Netflix anuncia medidas contra usuários de VPN !

Netflix Announces Crackdown on VPN Users !

O serviço de streaming impedirá que aqueles que usam proxies e serviços VPN, como o Hola, assistam a conteúdo licenciado para outras regiões.


Alimentado por Guardian.co.ukEste artigo intitulado “Netflix anuncia repressão a usuários de VPN” foi escrito por Alex Hern, para theguardian.com na sexta-feira 15 de janeiro 2016 11.40 Tempo Universal Coordenado (Universal Time Coordinated

A Netflix anunciou planos para reprimir assinantes que usam ferramentas como proxies ou VPNs para assistir a vídeos de outros países.

Fazer isso dá aos usuários acesso a uma seleção muito maior de títulos, mas quebra os termos de serviço da Netflix - bem como quebra os acordos que a Netflix tem com os provedores de conteúdo.

Em um comunicado, O vice-presidente da Netflix, David Fullagar, disse: "Alguns membros usam proxies ou 'unblockers' para acessar títulos disponíveis fora de seu território. Para resolver esta, empregamos as mesmas medidas ou similares que outras empresas. Essa tecnologia continua a evoluir e estamos evoluindo com ela.

"Isso significa que nas próximas semanas, aqueles que usam proxies e desbloqueadores somente poderão acessar o serviço no país em que estão atualmente. Estamos confiantes de que essa alteração não afetará os membros que não usam proxies ".

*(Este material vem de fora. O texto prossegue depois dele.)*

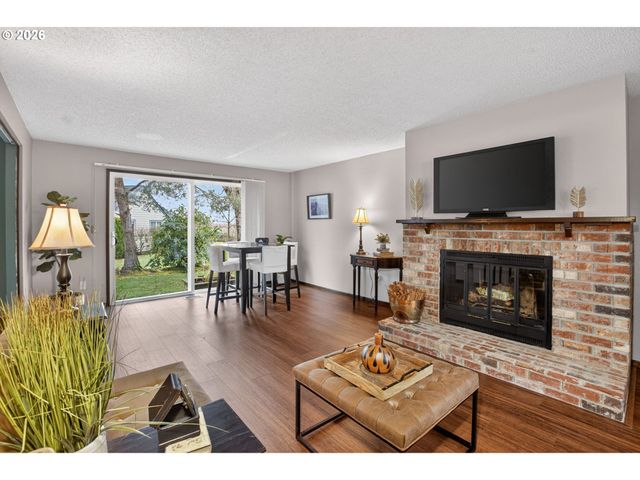 445 Ne VILLAGE SQUIRE Ave 4, Gresham, OR 97030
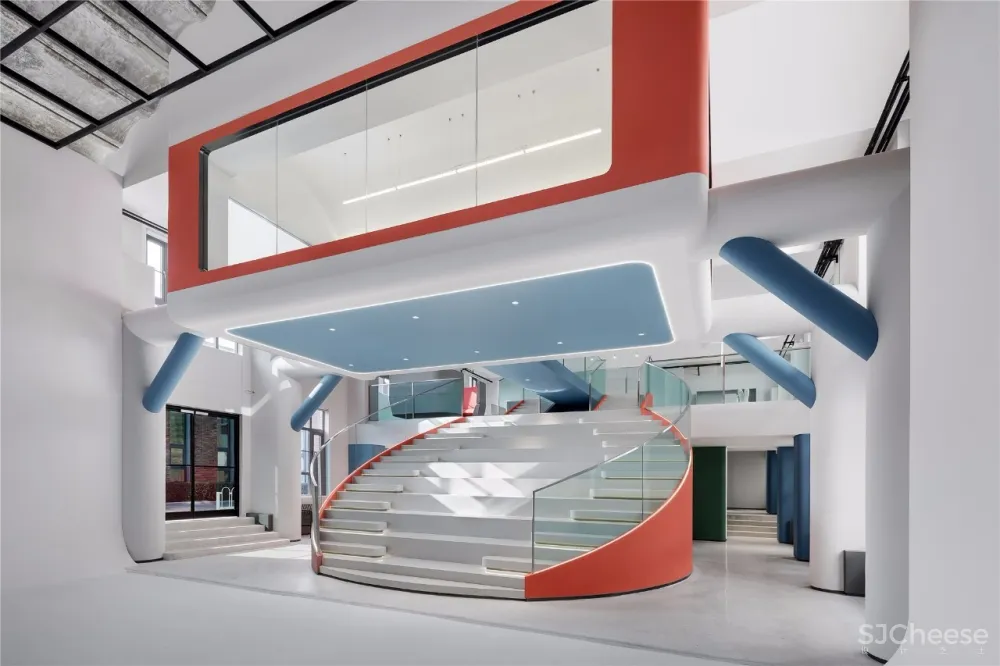 得德设计 | 天津311摄影工作室:以光感知,空间掠“影”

Proxies e VPNs são ferramentas que direcionam a conexão de Internet de um usuário através de terceiros antes de eventualmente se conectar à Internet. Eles são comumente usados ​​para mascarar o endereço IP, e, portanto, localização física, do computador de um usuário da web.

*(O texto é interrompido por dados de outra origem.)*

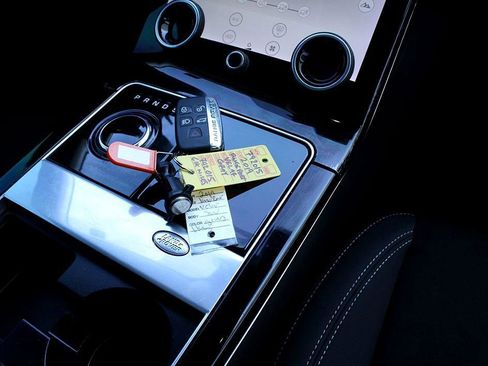 Used 2019 Land Rover Range Rover Velar image 29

Os serviços são populares entre os usuários do Netflix, particularmente aqueles fora dos EUA, porque eles permitem o acesso a vídeos que a Netflix licenciou para outros países, mas não os próprios. Às vezes, a motivação é acessar mídias que a Netflix não licenciou para vários países devido à falta de demanda (por exemplo, um emigrado coreano pode querer assistir a shows de seu país de origem, que não foram licenciados para o público britânico devido à falta de demanda); mas mais comumente, a unidade é simplesmente que a versão americana do Netflix, graças ao seu mercado maior, possui uma seleção significativamente melhor de mídia em inglês do que outras regiões.

O uso de proxies também foi particularmente popular em países onde o serviço não havia sido lançado oficialmente, tal como (até recentemente) Austrália e Nova Zelândia. Mas parte da motivação para a Netflix finalmente reprimir o uso de proxies parece ser o anúncio deste mês de que seria lançado mundialmente, para todas as nações que não a China, Síria, Coreia do Norte e Crimeia.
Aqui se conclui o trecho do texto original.